[About this task] Only the lines from the one containing "Preso do semiaberto" to the end of the records belong in the answer; repeat them exactly and drop the pictures.
———
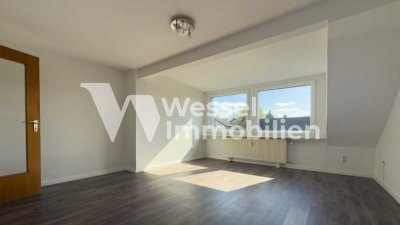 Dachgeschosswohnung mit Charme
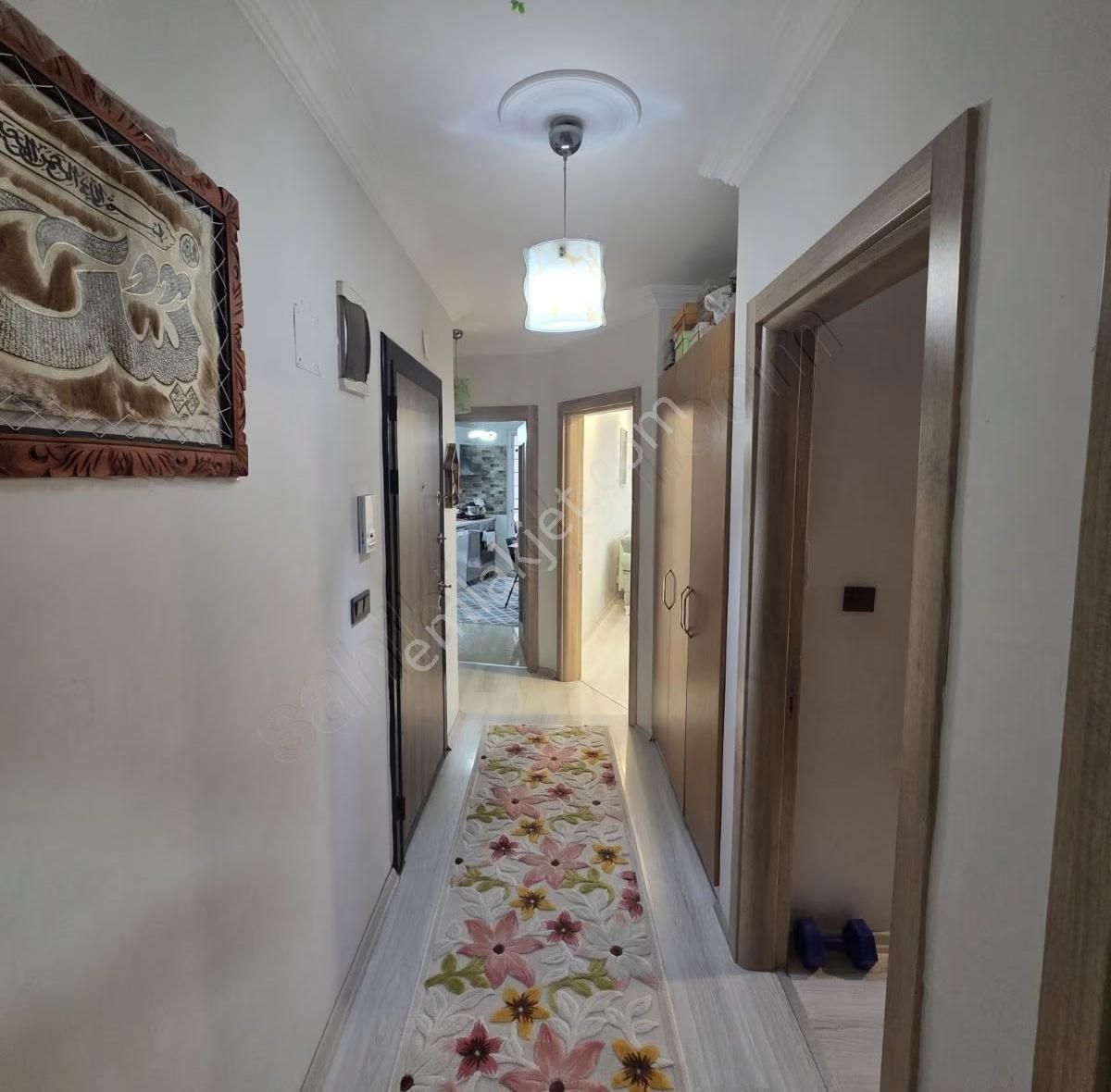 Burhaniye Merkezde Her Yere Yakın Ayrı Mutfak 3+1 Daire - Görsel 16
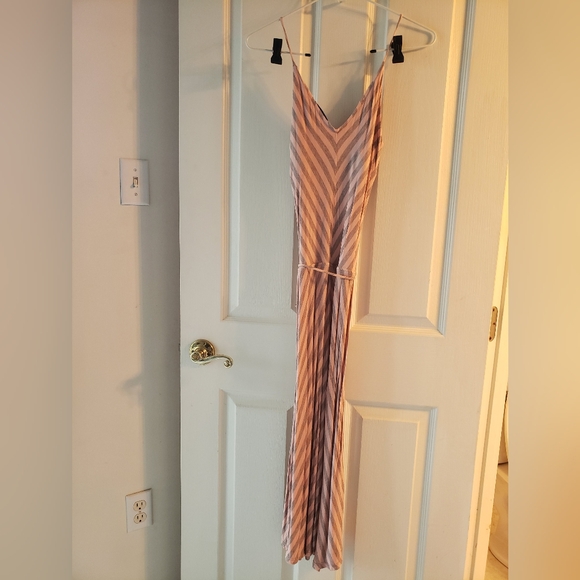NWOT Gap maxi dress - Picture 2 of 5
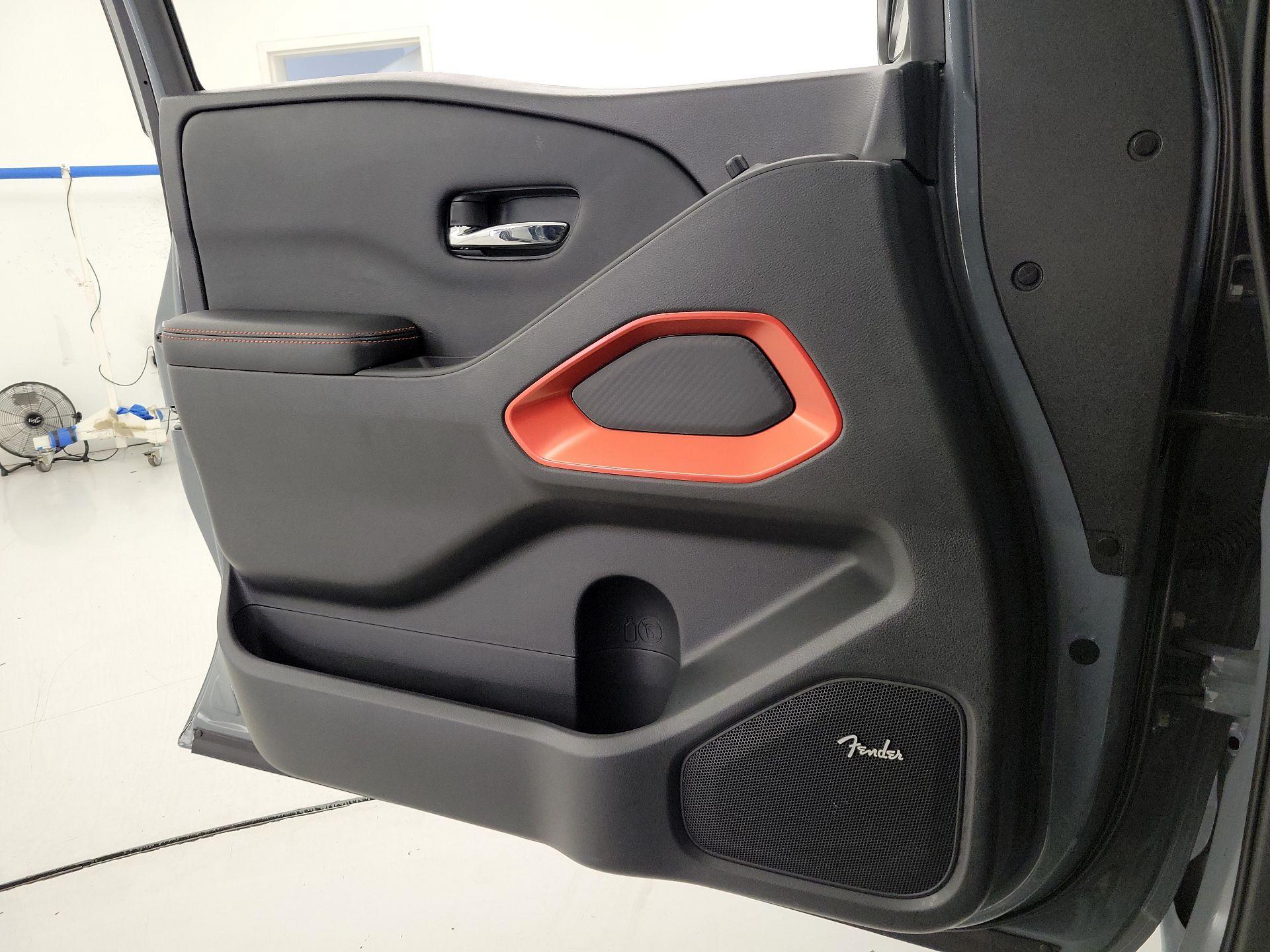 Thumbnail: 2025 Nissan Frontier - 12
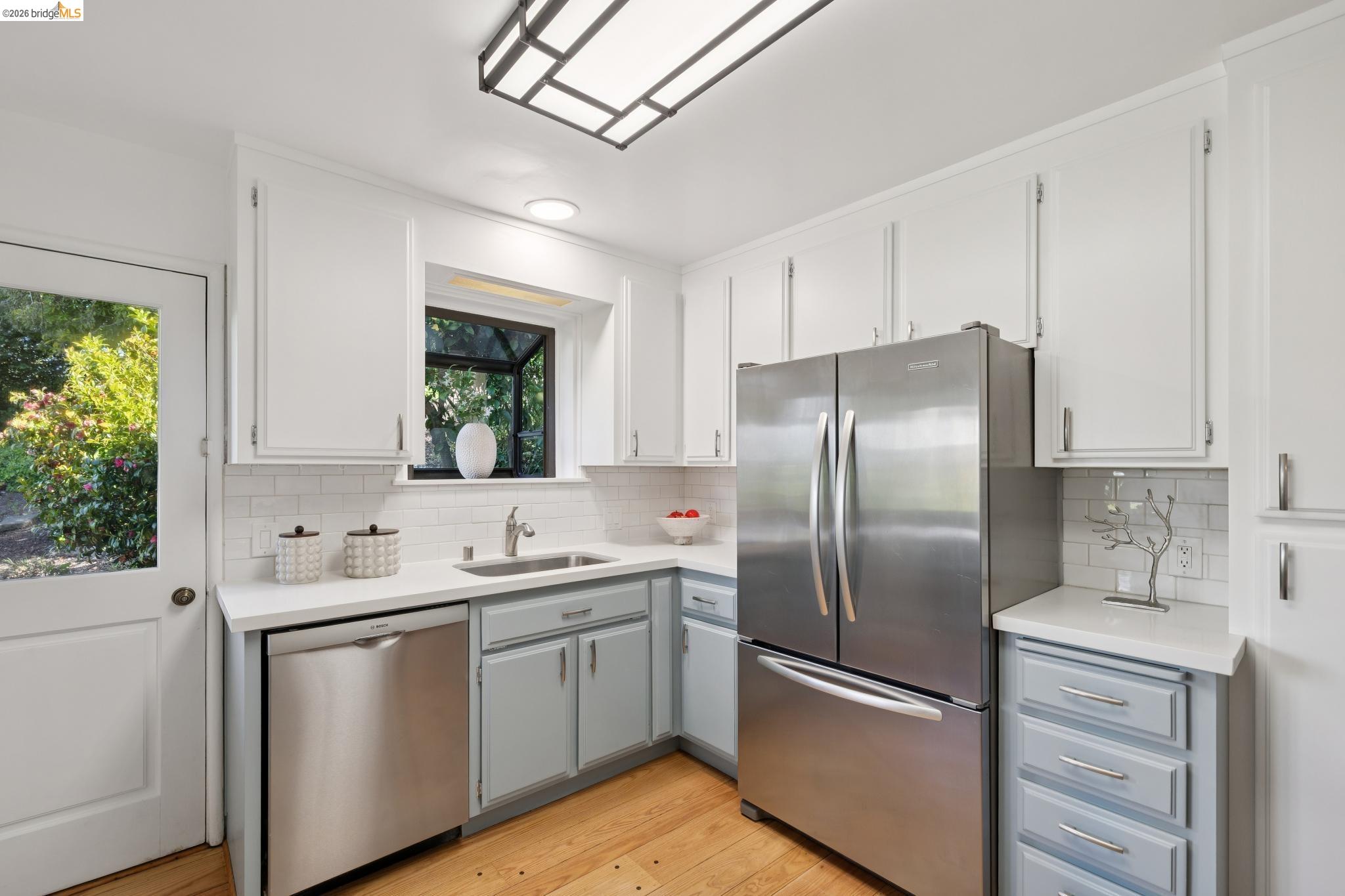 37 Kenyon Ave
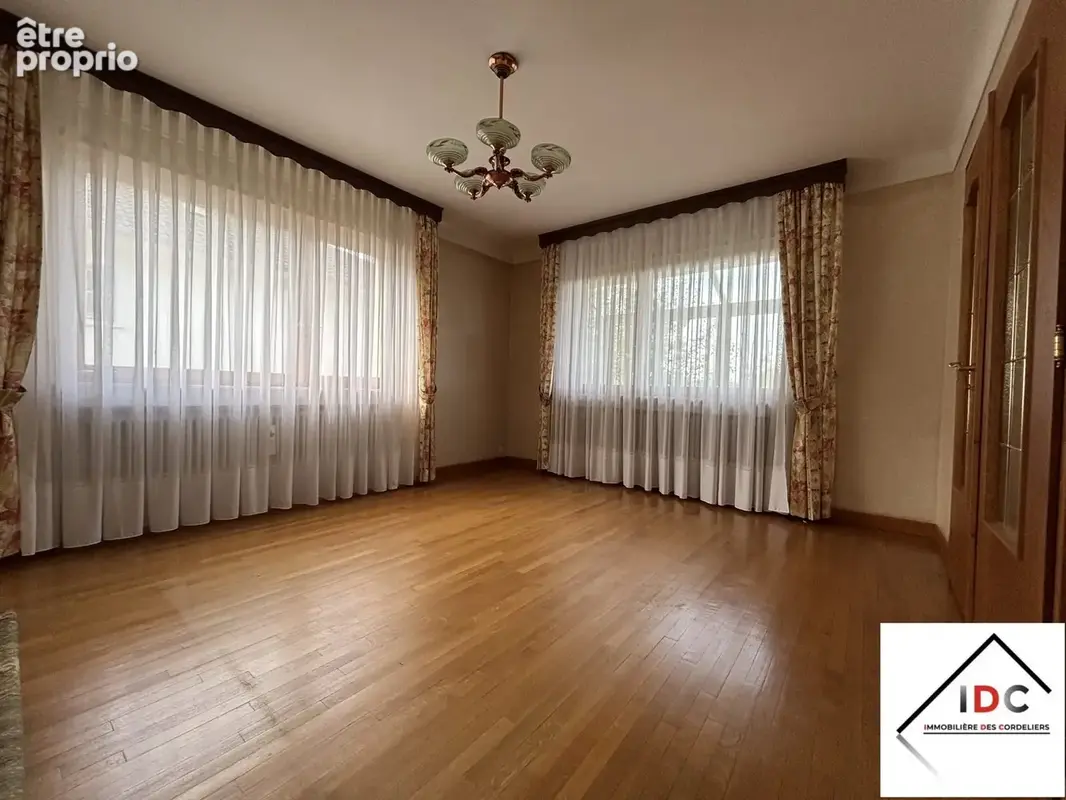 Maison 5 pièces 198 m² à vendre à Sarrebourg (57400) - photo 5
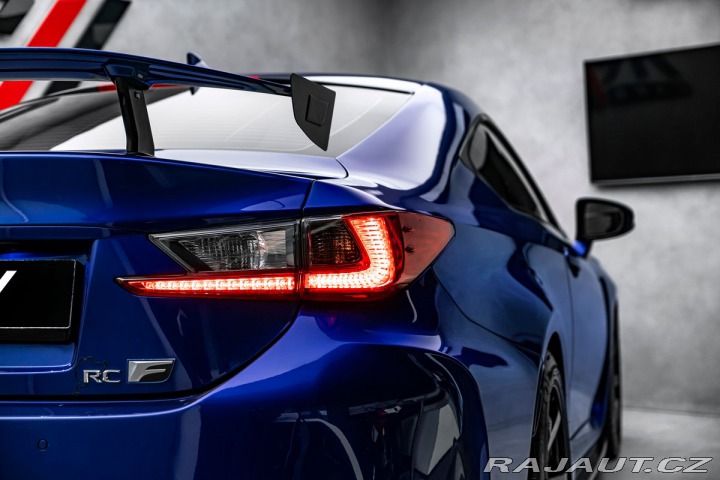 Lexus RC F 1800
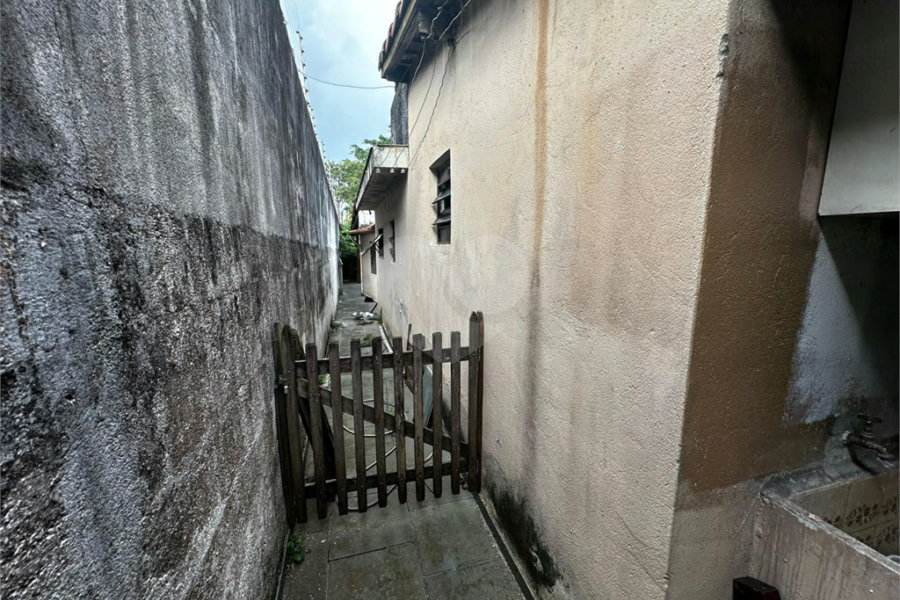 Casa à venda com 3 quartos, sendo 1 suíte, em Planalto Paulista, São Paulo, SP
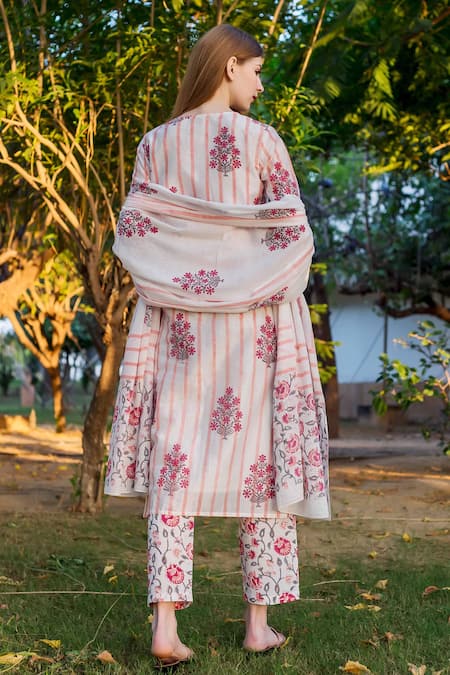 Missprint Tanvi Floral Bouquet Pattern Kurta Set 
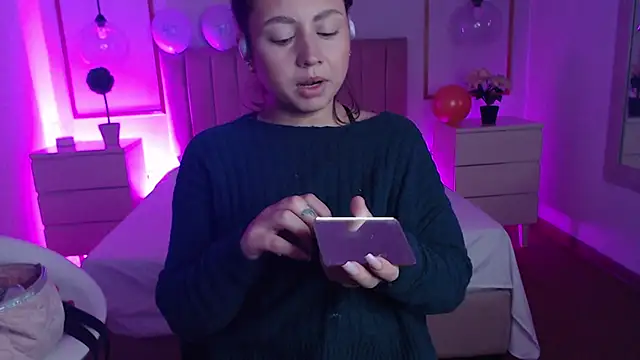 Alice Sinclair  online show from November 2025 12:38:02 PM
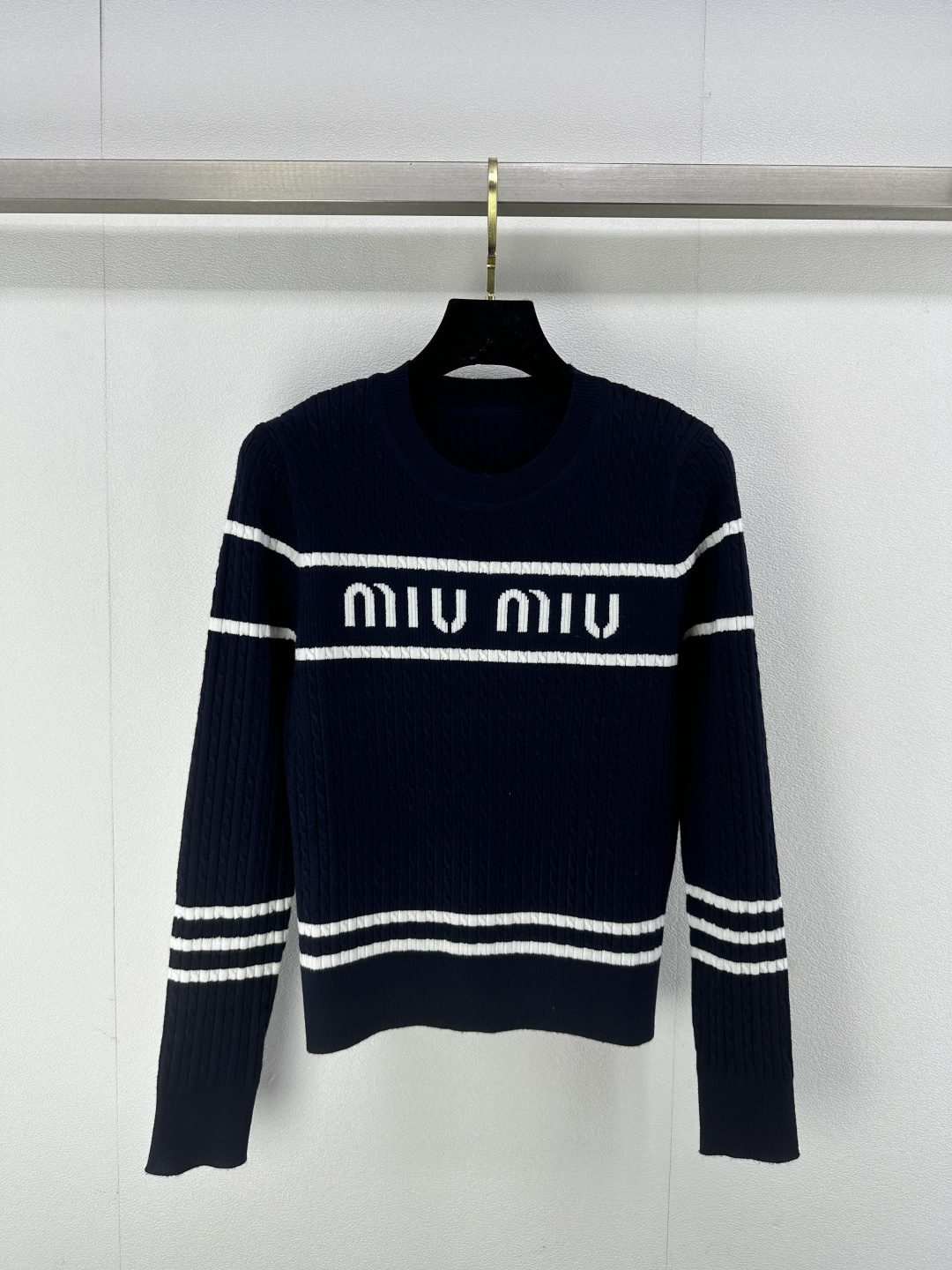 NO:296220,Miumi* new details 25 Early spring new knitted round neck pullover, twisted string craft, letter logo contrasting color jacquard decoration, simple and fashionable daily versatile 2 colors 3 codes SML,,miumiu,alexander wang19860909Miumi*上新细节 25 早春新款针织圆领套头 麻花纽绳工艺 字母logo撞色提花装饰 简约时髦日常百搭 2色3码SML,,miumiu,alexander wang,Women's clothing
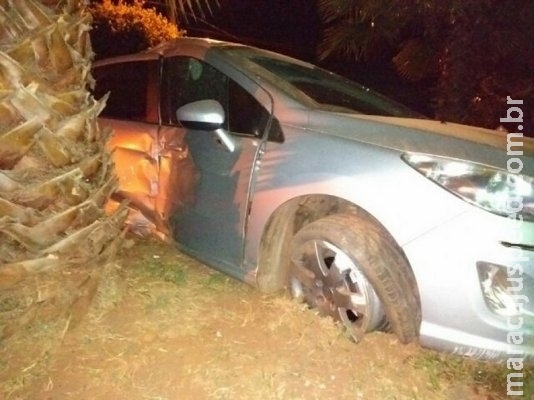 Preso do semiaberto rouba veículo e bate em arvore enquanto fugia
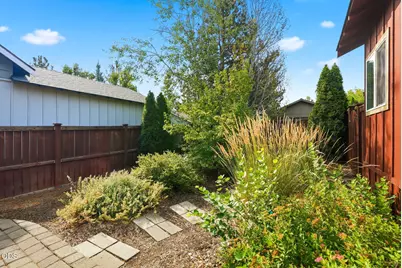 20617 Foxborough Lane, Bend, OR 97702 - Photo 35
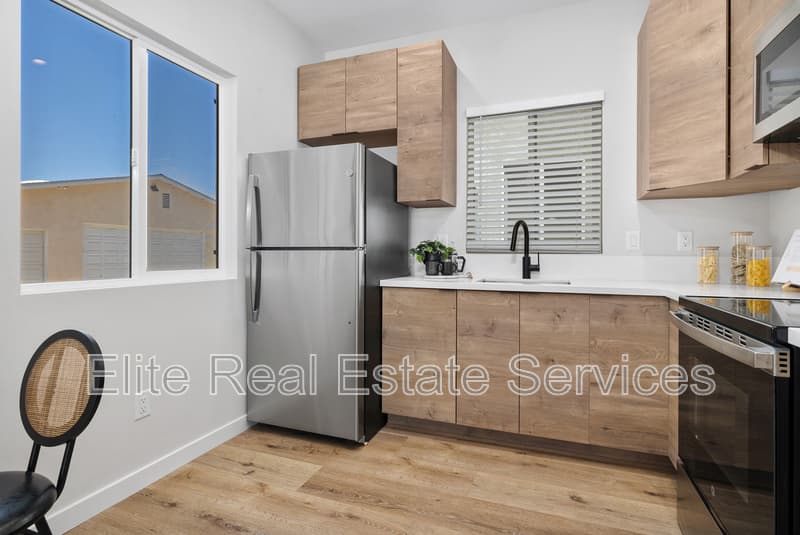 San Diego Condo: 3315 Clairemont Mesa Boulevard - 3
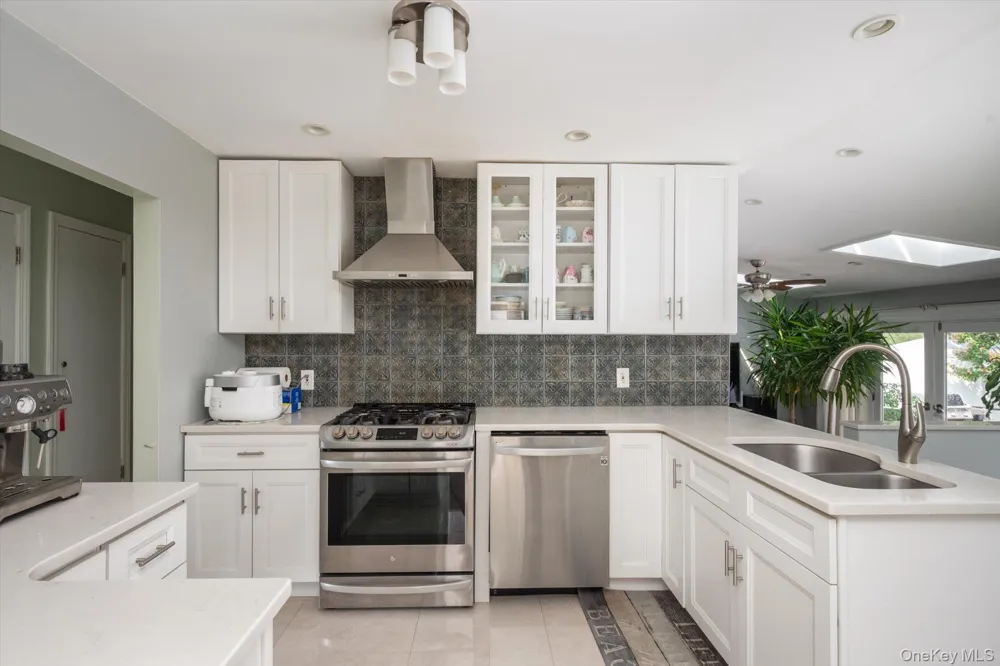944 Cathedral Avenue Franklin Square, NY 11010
———
[Reply to the exercise]
 Preso do semiaberto rouba veículo e bate em arvore enquanto fugia
 20617 Foxborough Lane, Bend, OR 97702 - Photo 35
 San Diego Condo: 3315 Clairemont Mesa Boulevard - 3
944 Cathedral Avenue Franklin Square, NY 11010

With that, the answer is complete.